# recessive red



## Albannai (Jan 21, 2001)

in our area many breeders working on recessive red beauty homers. they call teh (full color recessive reds). some times spread may change pattern or body color. my question is ... How can I know it's recessive red from tail or other body marks and it is not ash or opals.


----------



## sev3ns0uls (Jul 2, 2011)

yellow not red.


----------



## Henk69 (Feb 25, 2010)

Dark flights and tail compared to ash red.


----------



## NZ Pigeon (Nov 12, 2011)

Yup like henk said, Ash red have grey flights and tail, Rec red have red in tail and flights, Rec red expression can vary so sometimes a poor rec red on blue may look like an ash red but not very often.


----------



## rudolph.est (May 14, 2009)

Poor recessive reds rarely look like ash-reds, in my opinion. Ash-red does not bleed through blue tinges, while poor recessive reds do. 

Here is a picture of a poor recessive red I used to own. Notice the 'blue' in the tail and undercarriage.









Ash-reds are rarely so dark that they have dark flights, as Henk said. 

The beauty homers in the picture seem to light to be recessive red (at least for any show standard rec reds of other breeds), and yet too dark to be recessive red dilutes? Anyone else have an opinion? Are these pale?


----------



## Woodnative (Jul 4, 2010)

I wonder if it is the pic. At my office computer they appeared quite red while at my home computer later in the day they appear yellow (recessive red dilute). However, the basil in the background looks a little unnaturally colored also.


----------



## Print Tippler (May 18, 2011)

the very top picture and the bird on the left do look yellow. Ill try to put some pictures up of my poor rr up tomorrow to show some. Mine really primary show it in the tail.


----------



## MaryOfExeter (Sep 30, 2007)

Those are recessive yellows. Ash-yellow underneath.


----------



## Print Tippler (May 18, 2011)

why do you figure they are ash yellow based.


----------



## Albannai (Jan 21, 2001)

Thank you all for your reply,

becky, what you mean Ash-yellow underneath?

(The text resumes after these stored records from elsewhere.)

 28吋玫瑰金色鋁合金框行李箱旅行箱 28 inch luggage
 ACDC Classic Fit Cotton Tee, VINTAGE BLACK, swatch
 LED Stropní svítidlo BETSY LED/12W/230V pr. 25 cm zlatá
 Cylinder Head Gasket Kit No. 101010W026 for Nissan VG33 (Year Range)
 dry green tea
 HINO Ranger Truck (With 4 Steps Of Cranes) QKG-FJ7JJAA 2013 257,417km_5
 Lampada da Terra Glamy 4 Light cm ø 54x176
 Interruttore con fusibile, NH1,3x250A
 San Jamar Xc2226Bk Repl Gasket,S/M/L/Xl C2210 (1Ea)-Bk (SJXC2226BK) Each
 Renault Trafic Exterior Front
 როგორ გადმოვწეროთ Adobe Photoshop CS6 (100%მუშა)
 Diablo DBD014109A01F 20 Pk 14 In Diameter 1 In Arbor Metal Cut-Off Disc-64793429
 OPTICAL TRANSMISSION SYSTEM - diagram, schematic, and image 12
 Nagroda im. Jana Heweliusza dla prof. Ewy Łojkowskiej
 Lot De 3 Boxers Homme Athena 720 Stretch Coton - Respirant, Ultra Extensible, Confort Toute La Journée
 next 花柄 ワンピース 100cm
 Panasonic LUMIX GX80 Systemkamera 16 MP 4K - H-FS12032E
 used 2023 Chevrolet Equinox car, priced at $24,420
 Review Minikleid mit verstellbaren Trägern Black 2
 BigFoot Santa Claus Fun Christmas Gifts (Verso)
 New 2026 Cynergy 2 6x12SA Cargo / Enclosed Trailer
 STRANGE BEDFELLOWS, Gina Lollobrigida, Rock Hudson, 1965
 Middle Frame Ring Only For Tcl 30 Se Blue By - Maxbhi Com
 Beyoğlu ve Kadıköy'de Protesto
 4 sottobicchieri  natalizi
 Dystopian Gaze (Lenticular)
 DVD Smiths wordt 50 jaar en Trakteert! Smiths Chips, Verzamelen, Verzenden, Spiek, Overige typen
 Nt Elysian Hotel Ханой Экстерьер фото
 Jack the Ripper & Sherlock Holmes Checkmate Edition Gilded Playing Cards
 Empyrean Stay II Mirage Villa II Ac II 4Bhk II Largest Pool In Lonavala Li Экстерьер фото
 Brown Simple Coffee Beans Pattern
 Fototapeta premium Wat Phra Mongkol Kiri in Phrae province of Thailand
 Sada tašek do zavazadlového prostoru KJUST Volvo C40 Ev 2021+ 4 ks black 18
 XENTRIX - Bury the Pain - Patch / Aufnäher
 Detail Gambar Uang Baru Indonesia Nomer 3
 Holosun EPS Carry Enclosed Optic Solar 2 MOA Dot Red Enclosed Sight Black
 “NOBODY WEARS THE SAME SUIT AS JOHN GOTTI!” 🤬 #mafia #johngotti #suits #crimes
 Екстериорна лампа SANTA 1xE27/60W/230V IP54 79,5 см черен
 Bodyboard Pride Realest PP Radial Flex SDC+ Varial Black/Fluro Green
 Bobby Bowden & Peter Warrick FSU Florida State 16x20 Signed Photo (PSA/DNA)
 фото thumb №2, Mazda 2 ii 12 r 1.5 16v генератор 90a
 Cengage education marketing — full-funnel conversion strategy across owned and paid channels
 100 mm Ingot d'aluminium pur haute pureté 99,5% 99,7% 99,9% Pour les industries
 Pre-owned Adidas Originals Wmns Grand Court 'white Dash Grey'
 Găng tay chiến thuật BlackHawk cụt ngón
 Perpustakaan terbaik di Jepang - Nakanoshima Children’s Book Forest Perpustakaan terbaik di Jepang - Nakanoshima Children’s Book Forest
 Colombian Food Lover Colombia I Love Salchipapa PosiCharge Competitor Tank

I'm not sure about these 2 bidrs but I think they look like RR




​


----------



## NZ Pigeon (Nov 12, 2011)

Becky - I agree due to the lack of blue leaking through its possible they are ash yellow underneath but you cannot possibly be certain of that based on a picture.

Rudolph, What I should have said is to the untrained eye a poor rec red on blue could be mistook for an ash red.


----------



## ReneeB (Jul 19, 2012)

Can somebody please tell me how to start a new thread? I've looked and can't find and I have a pigeon at my house with a green band on it's leg that I would love to get back to it's owner. It's come to my house twice and now I am taking care of it. I'm in Kirland, Wa. Any help would be great! Much appreciated!

Renee


----------



## MaryOfExeter (Sep 30, 2007)

I figure they are ash-yellow underneath because most with blue underneath show the blue. What breed did they mix into GBH to start this color project? If these are indeed RR based "ribbon tails" that is definitely not the best way to go. You'll want to use lebanon bronze on smokey ash-red t-patterns to get a good red (or gold) color with white ribbon and flight "lacing".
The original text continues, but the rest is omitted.